*** TASK DATA ***
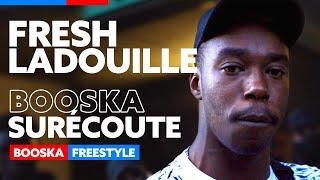 Fresh LaDouille | Freestyle Booska Surécoute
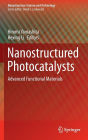 Nanostructured Photocatalysts: Advanced Functional Materials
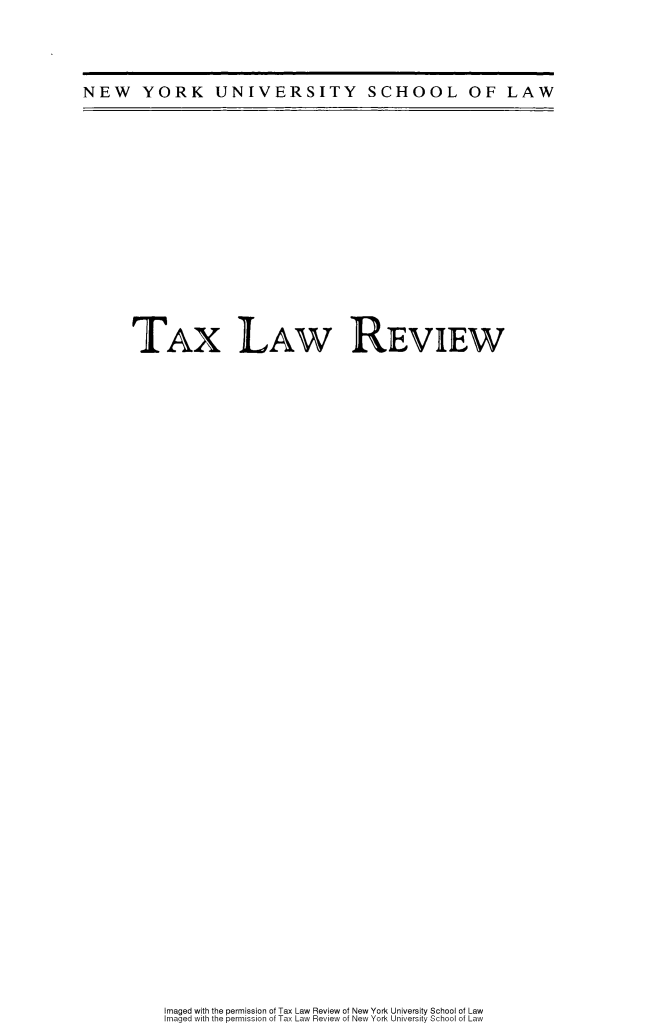 handle is hein.journals/taxlr69 and id is 1 raw text is: 




NEW YORK UNIVERSITY SCHOOL OF LAW


TAx LAW REVIEW


Imaged with the permission ot Tax Law Review of New York University School ot Law
maged with the permission of Tax Law Review ot New York University School of Law


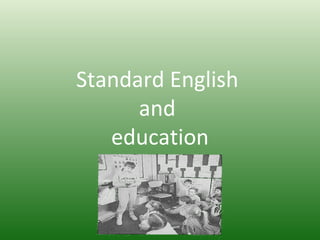 Standard English  and  education 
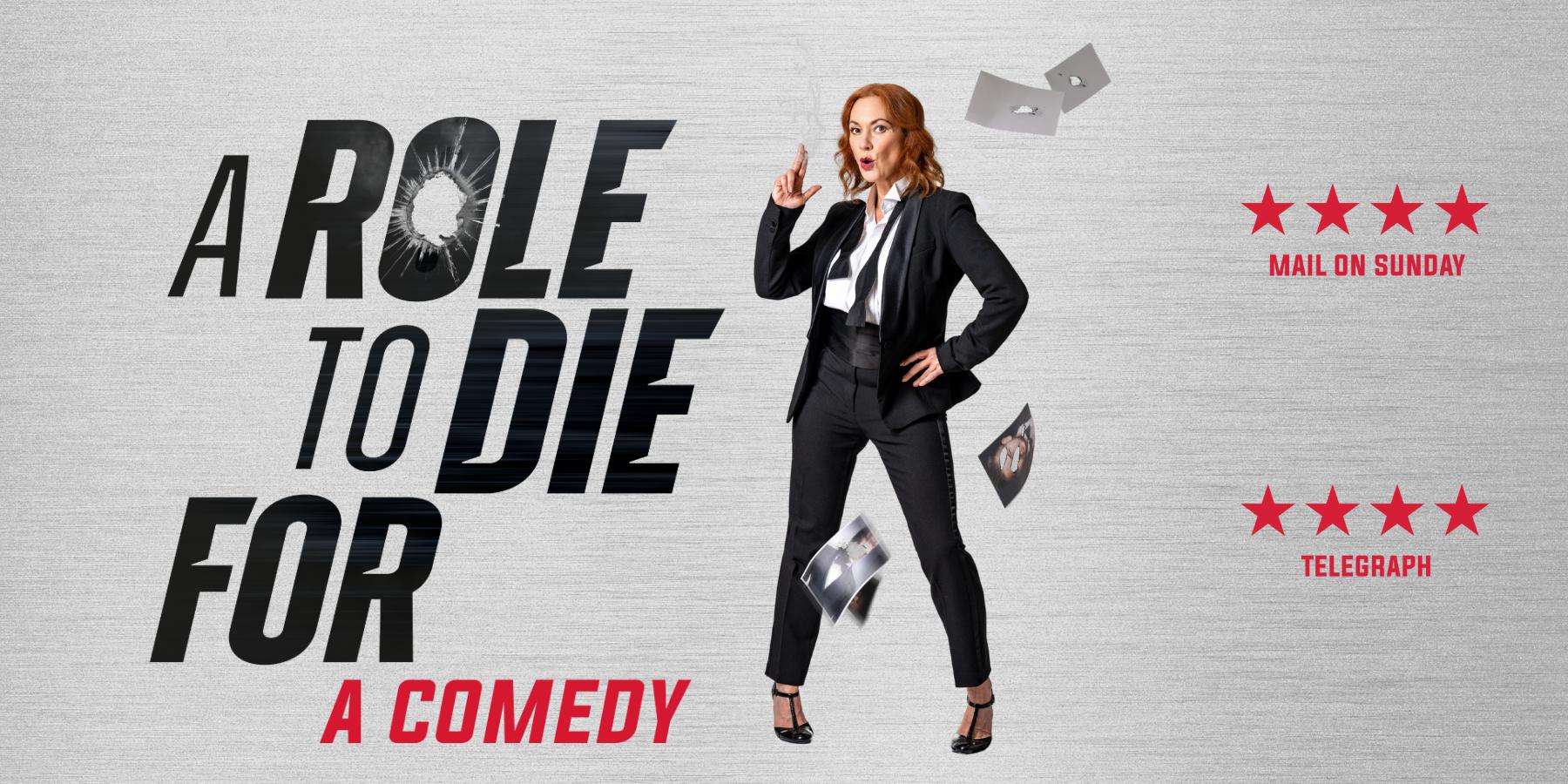 Promotional poster for the comedy play A Role to Die For. A woman dressed in a black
*** End of TASK DATA ***
### BRIEF
Across the records above, how many lines contain the word "with"? Give the number by itself.

### SOLVED PROBLEM
2